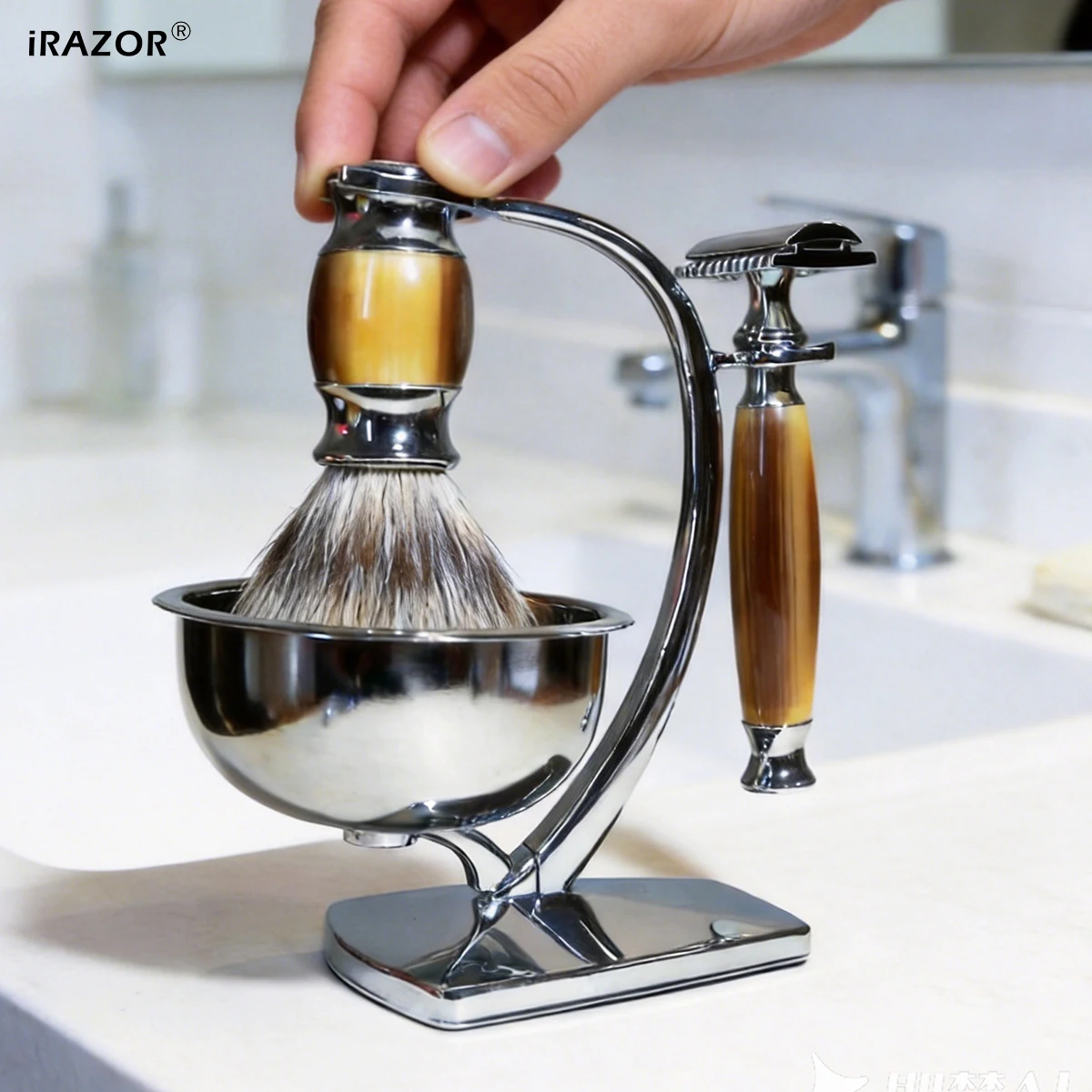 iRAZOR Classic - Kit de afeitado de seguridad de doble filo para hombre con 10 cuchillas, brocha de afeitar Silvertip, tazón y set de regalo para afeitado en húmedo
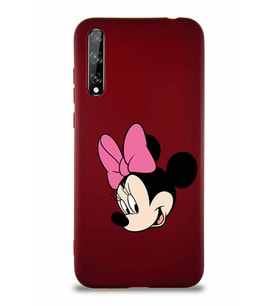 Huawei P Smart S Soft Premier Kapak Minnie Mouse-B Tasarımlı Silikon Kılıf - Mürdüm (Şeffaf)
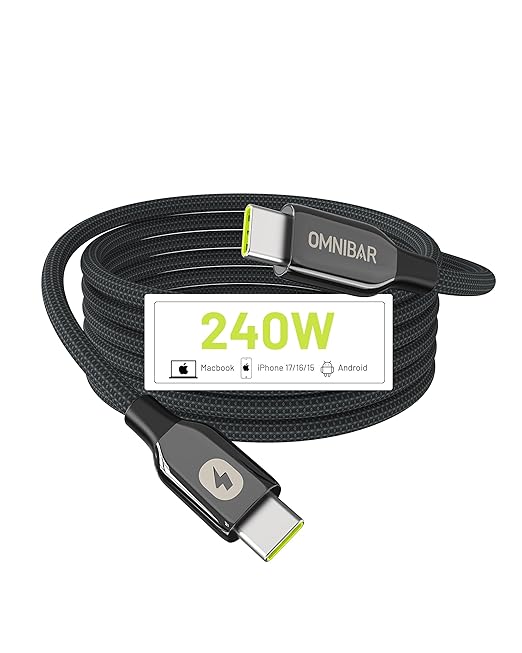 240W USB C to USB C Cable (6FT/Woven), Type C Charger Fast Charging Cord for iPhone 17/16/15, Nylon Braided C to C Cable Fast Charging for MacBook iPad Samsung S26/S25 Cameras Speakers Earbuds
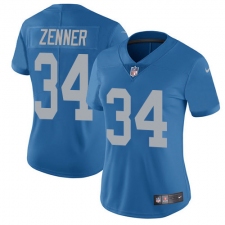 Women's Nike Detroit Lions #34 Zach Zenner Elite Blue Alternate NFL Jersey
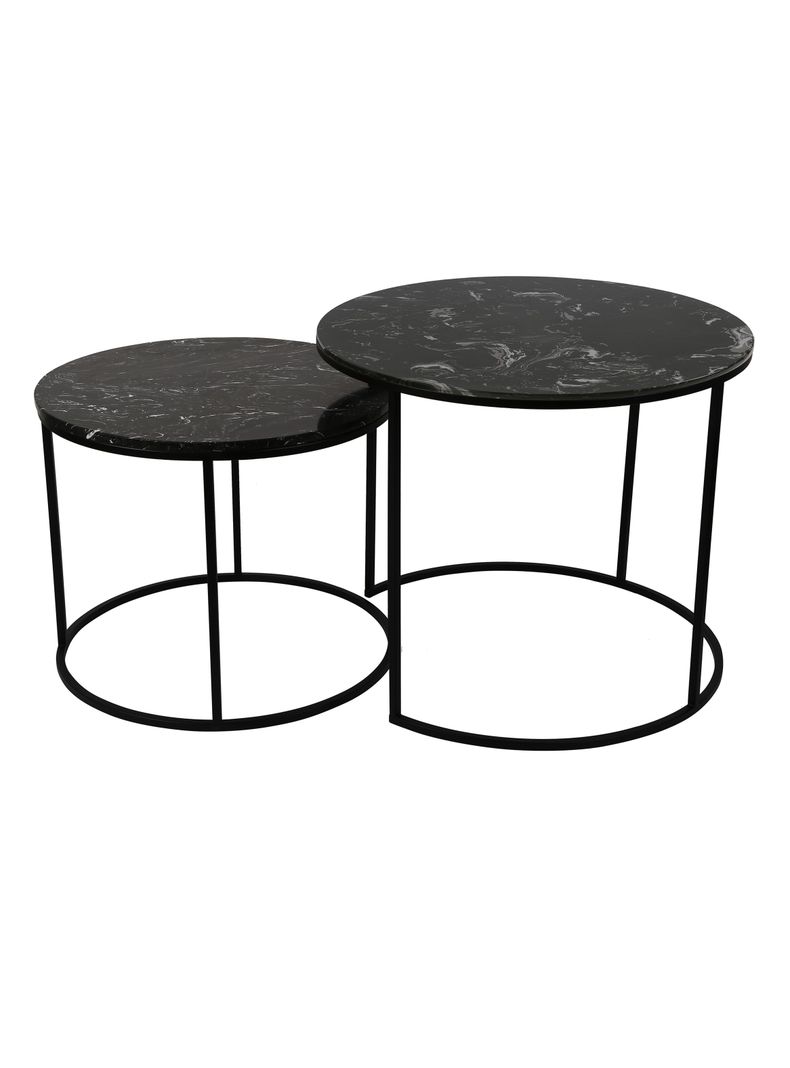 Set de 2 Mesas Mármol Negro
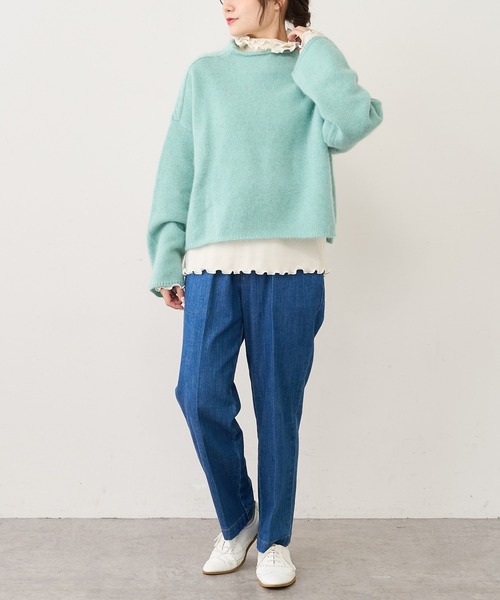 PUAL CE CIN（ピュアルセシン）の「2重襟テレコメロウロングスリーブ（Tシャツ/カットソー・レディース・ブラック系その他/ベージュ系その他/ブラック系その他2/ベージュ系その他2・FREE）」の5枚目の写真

#### [PROBLEM DETAILS]
Exact copy, no pictures: reproduce every record above.

#### [REPLY TO THE EXERCISE]
 iRAZOR Classic - Kit de afeitado de seguridad de doble filo para hombre con 10 cuchillas, brocha de afeitar Silvertip, tazón y set de regalo para afeitado en húmedo
 Huawei P Smart S Soft Premier Kapak Minnie Mouse-B Tasarımlı Silikon Kılıf - Mürdüm (Şeffaf)
 240W USB C to USB C Cable (6FT/Woven), Type C Charger Fast Charging Cord for iPhone 17/16/15, Nylon Braided C to C Cable Fast Charging for MacBook iPad Samsung S26/S25 Cameras Speakers Earbuds
 Women's Nike Detroit Lions #34 Zach Zenner Elite Blue Alternate NFL Jersey
 Set de 2 Mesas Mármol Negro
 PUAL CE CIN（ピュアルセシン）の「2重襟テレコメロウロングスリーブ（Tシャツ/カットソー・レディース・ブラック系その他/ベージュ系その他/ブラック系その他2/ベージュ系その他2・FREE）」の5枚目の写真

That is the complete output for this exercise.